M.S. Data Science & Analytics, Georgetown (Dec 2026). B.S. Data Science and Business, Chapman (2025). Most recently a data analyst on the Enterprise Alignment team at Mission Support and Test Services, supporting NNSA missions at the Nevada National Security Site. U.S. citizen, clearance-eligible.
Selected work
Curriculum learning for dental disease detection
DENTEX 2023 panoramic X-rays. YOLOv8m segmentation. Three-stage curriculum (quadrant, tooth, disease) tested against a matched single-stage baseline.

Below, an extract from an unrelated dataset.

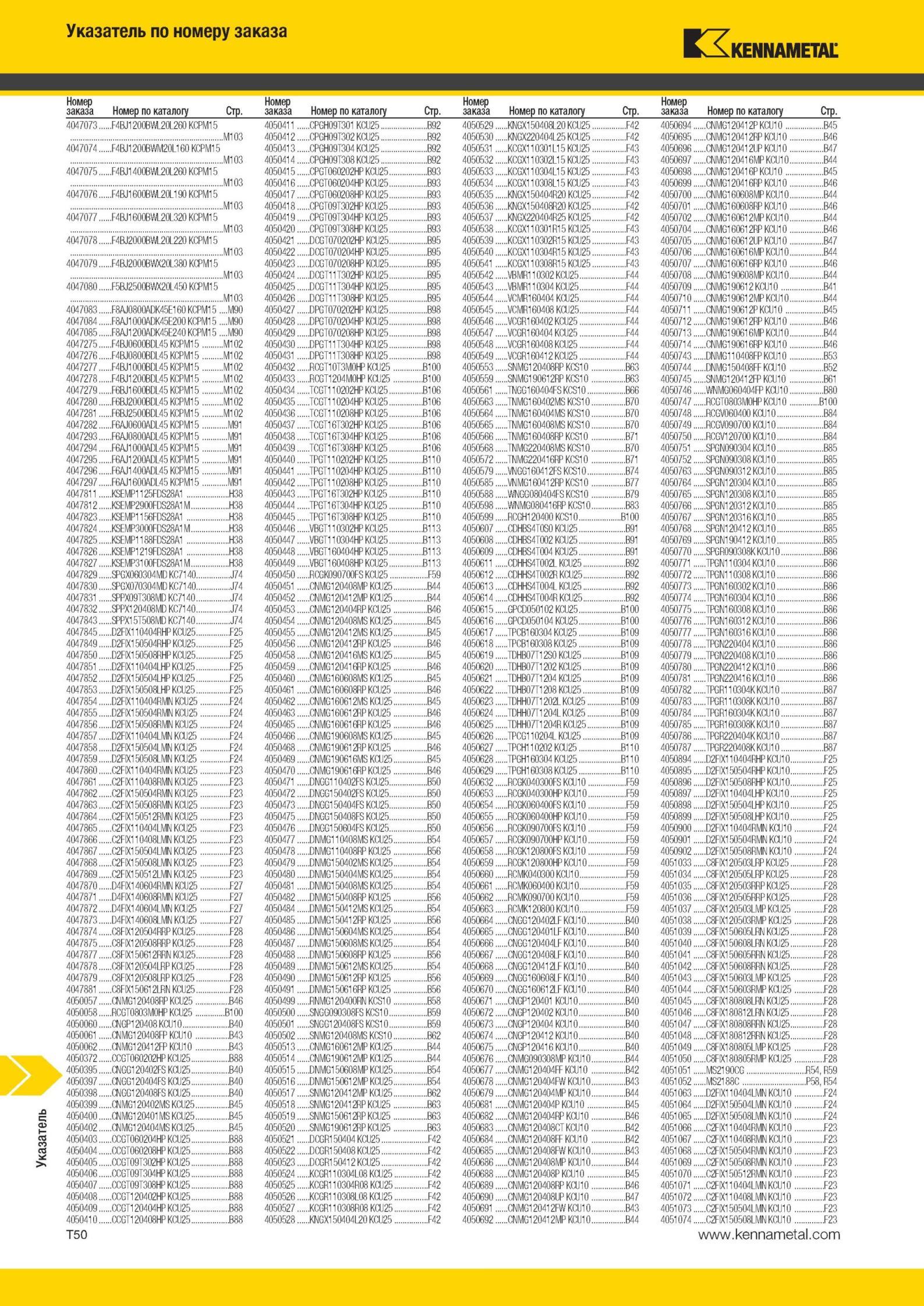 2028 Металлорежущий инструмент Kennametal Указатель по номеру заказа Номер по каталогу Стр Номер заказа Номер по каталогу Стр Номер каза Номер по каталогу Мастер-каталог KENNAMETAL 2013 Металлорежущий инструмент Точение Обработка отверстий Фрезерование Стр. T50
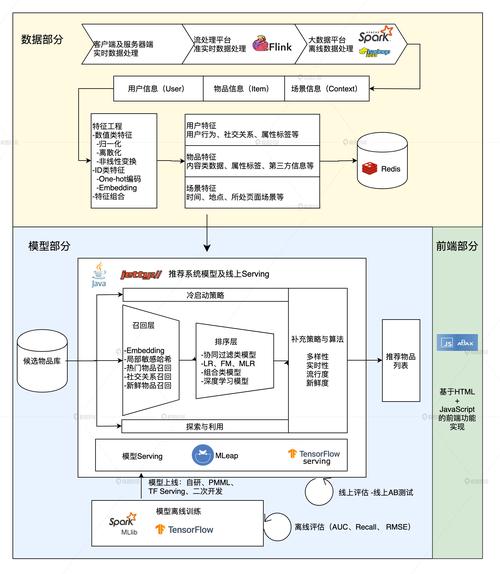 深度系统全新磐石系统上线！5大保护技术如何彻底改变你的使用体验？  第7张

mAP@0.5 of 0.394 for the curriculum versus 0.417 for the baseline. The schedule didn’t help. Class imbalance was the binding constraint.
Predictive modeling of U.S. oral health outcomes
NHANES 2017–2018, n = 5,265. Logistic regression, random forest, and XGBoost under 5-fold cross-validation.
ROC-AUC of 0.849. A two-stage regression on socioeconomic predictors alone reduced DMFT MAE by 33%.
Residential electricity demand forecasting
NYC residential load. DSGrid demand profiles joined to ERA5 weather via Open-Meteo.
Supervised baselines (ridge, gradient boosting). Residual structure explored with PCA, t-SNE, K-means, DBSCAN, and hierarchical clustering.
Geospatial crime pattern analysis
Pandas, GeoPandas, and scikit-learn pipeline.
Normalization, K-means clustering, and choropleth visualization of urban incident density against residential and commercial zoning.